• **Instructions for the task**: Pictures are to be left out. Return exactly the lines below from the one with "Stayvista At Mist" up to and including the one with "5 Ac Rondo Onz".

• **Entries shown**:

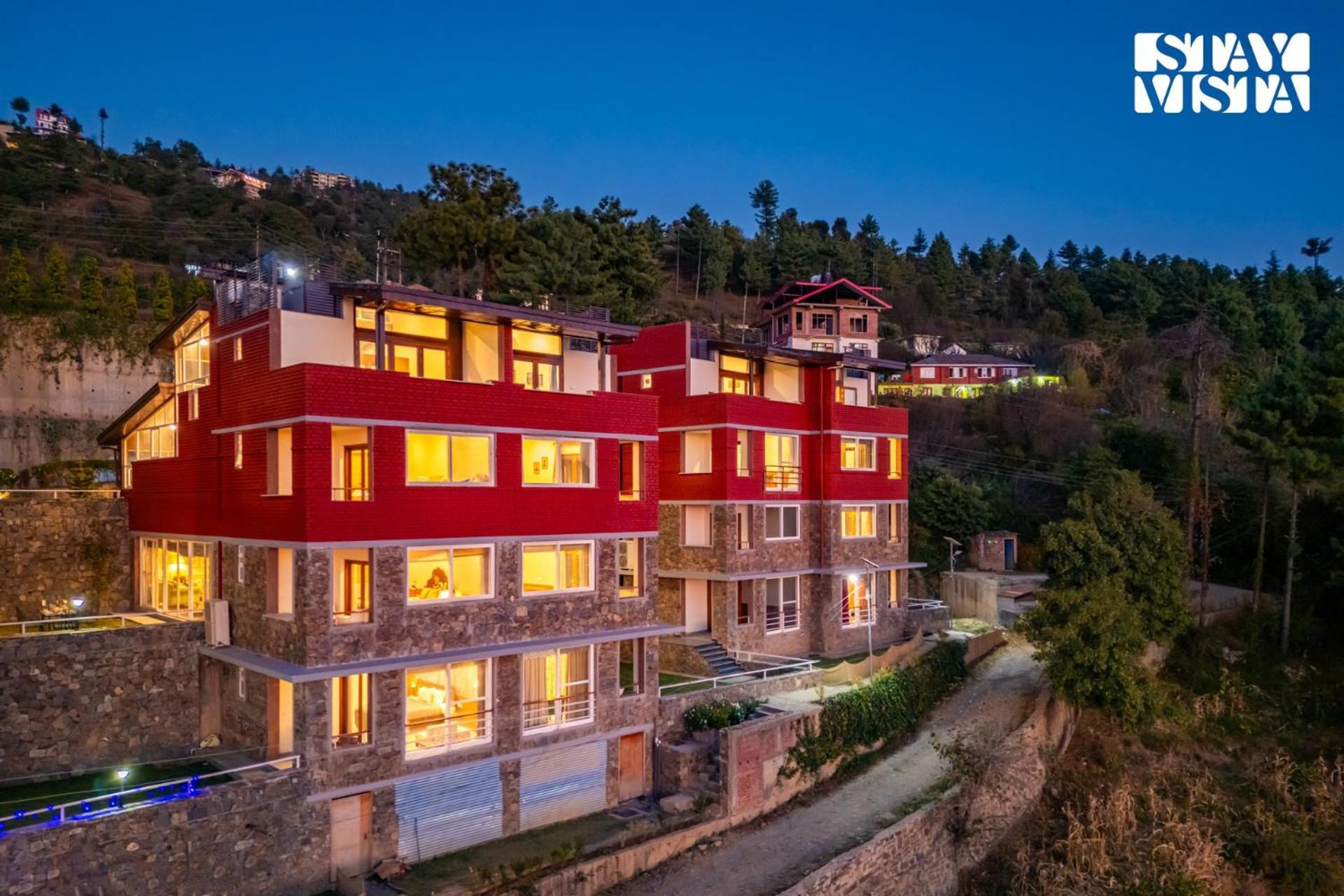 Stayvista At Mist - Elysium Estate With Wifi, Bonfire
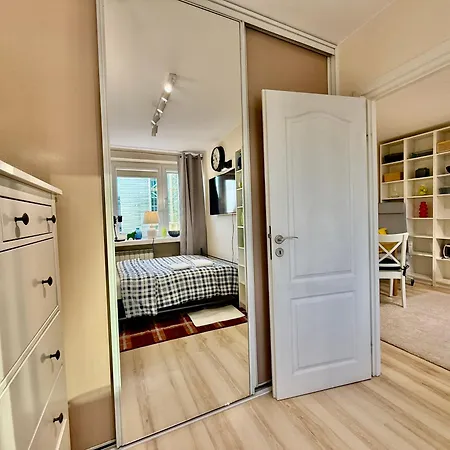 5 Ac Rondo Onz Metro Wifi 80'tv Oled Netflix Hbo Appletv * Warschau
==
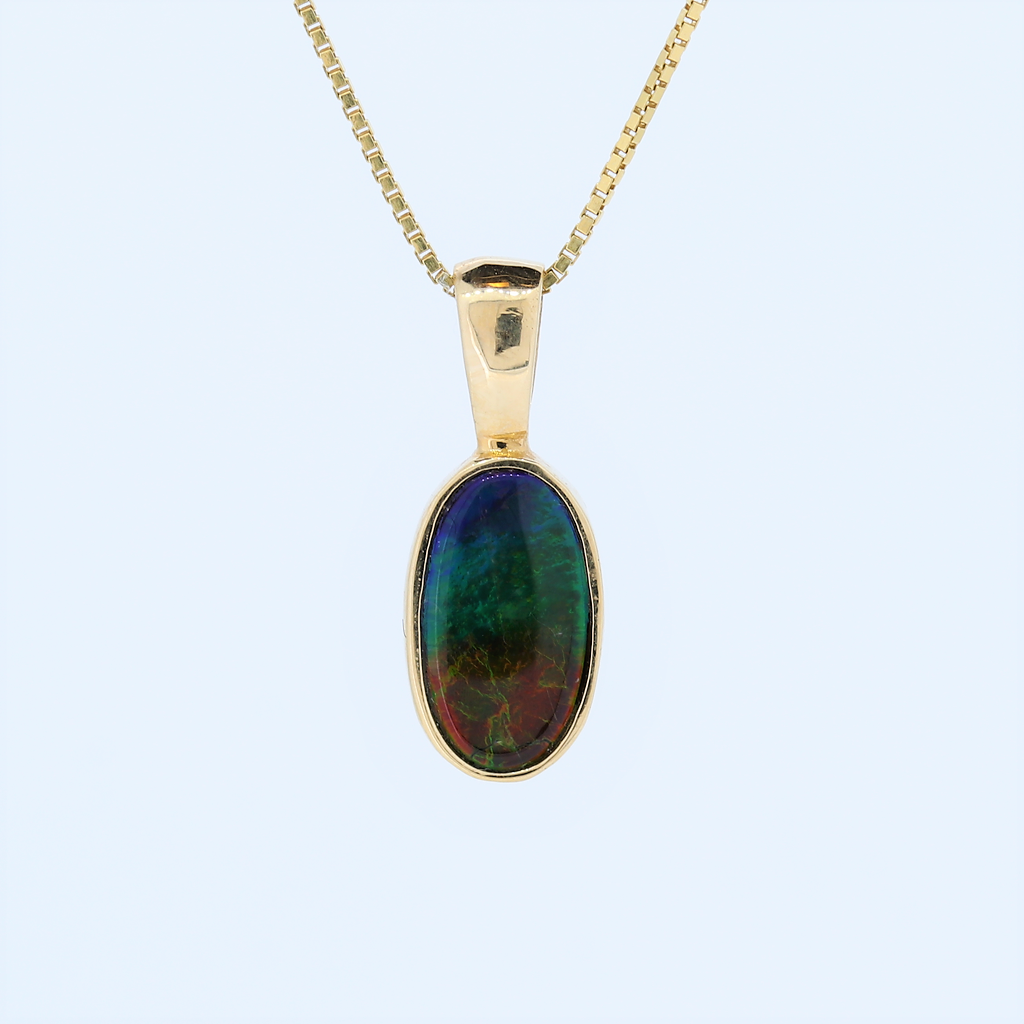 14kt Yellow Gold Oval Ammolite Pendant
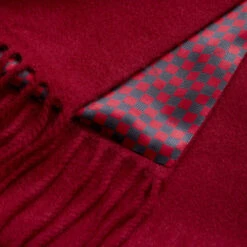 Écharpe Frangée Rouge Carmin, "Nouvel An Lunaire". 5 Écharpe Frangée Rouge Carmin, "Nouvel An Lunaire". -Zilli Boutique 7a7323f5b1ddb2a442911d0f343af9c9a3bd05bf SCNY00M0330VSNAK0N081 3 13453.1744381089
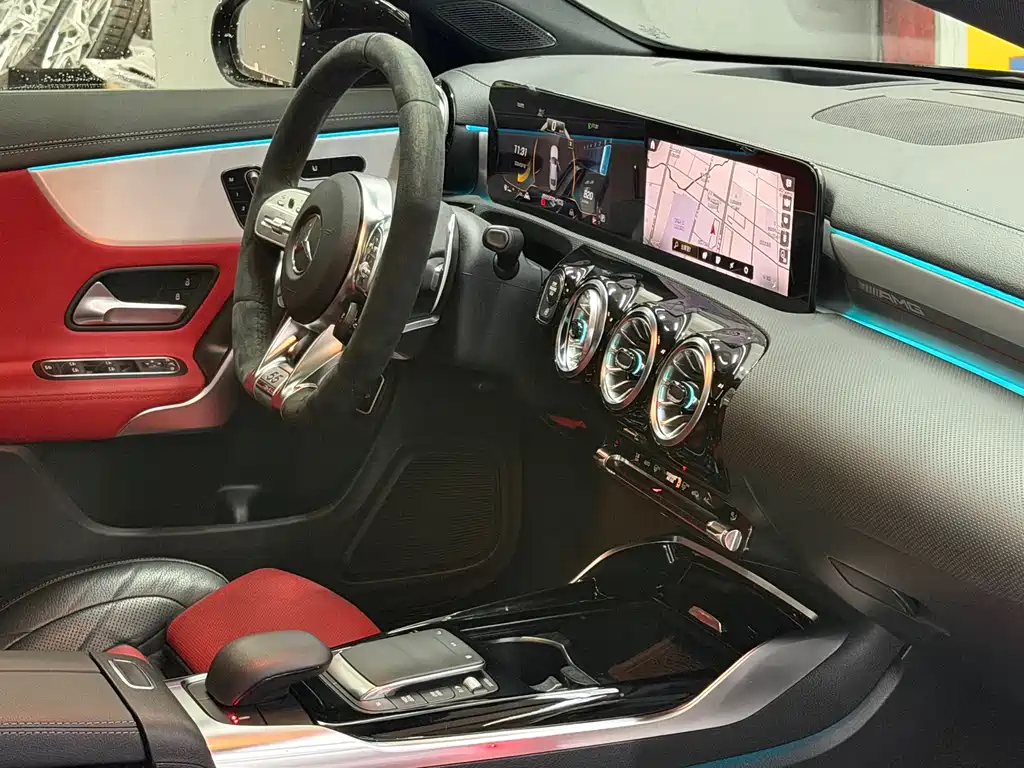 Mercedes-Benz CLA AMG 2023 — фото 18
---
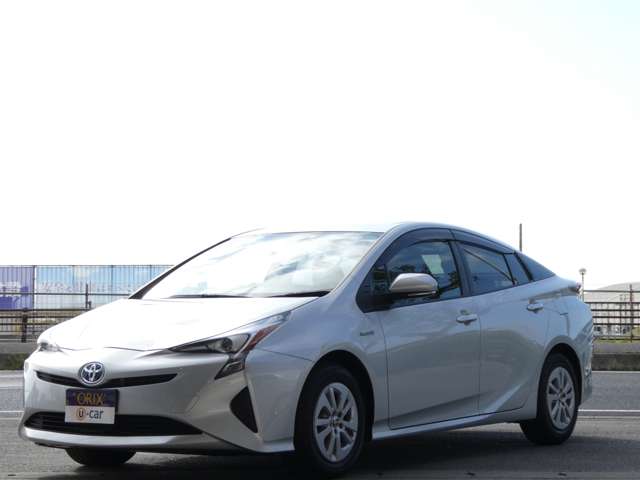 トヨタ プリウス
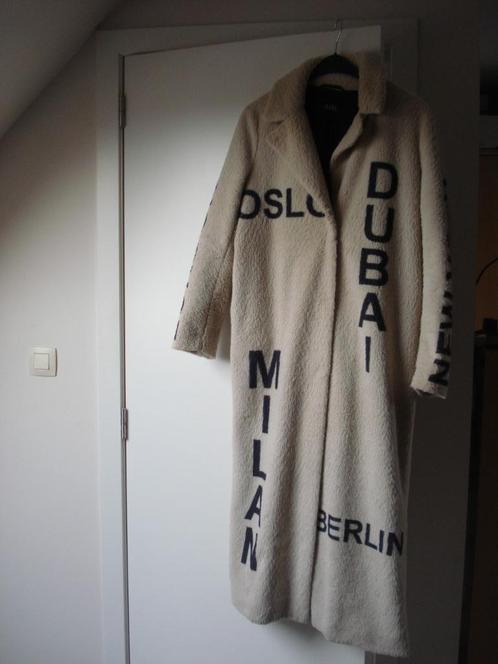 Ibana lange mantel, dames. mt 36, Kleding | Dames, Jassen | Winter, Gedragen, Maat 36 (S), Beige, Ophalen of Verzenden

• **Solution to this task**:
 Stayvista At Mist - Elysium Estate With Wifi, Bonfire
 5 Ac Rondo Onz Metro Wifi 80'tv Oled Netflix Hbo Appletv * Warschau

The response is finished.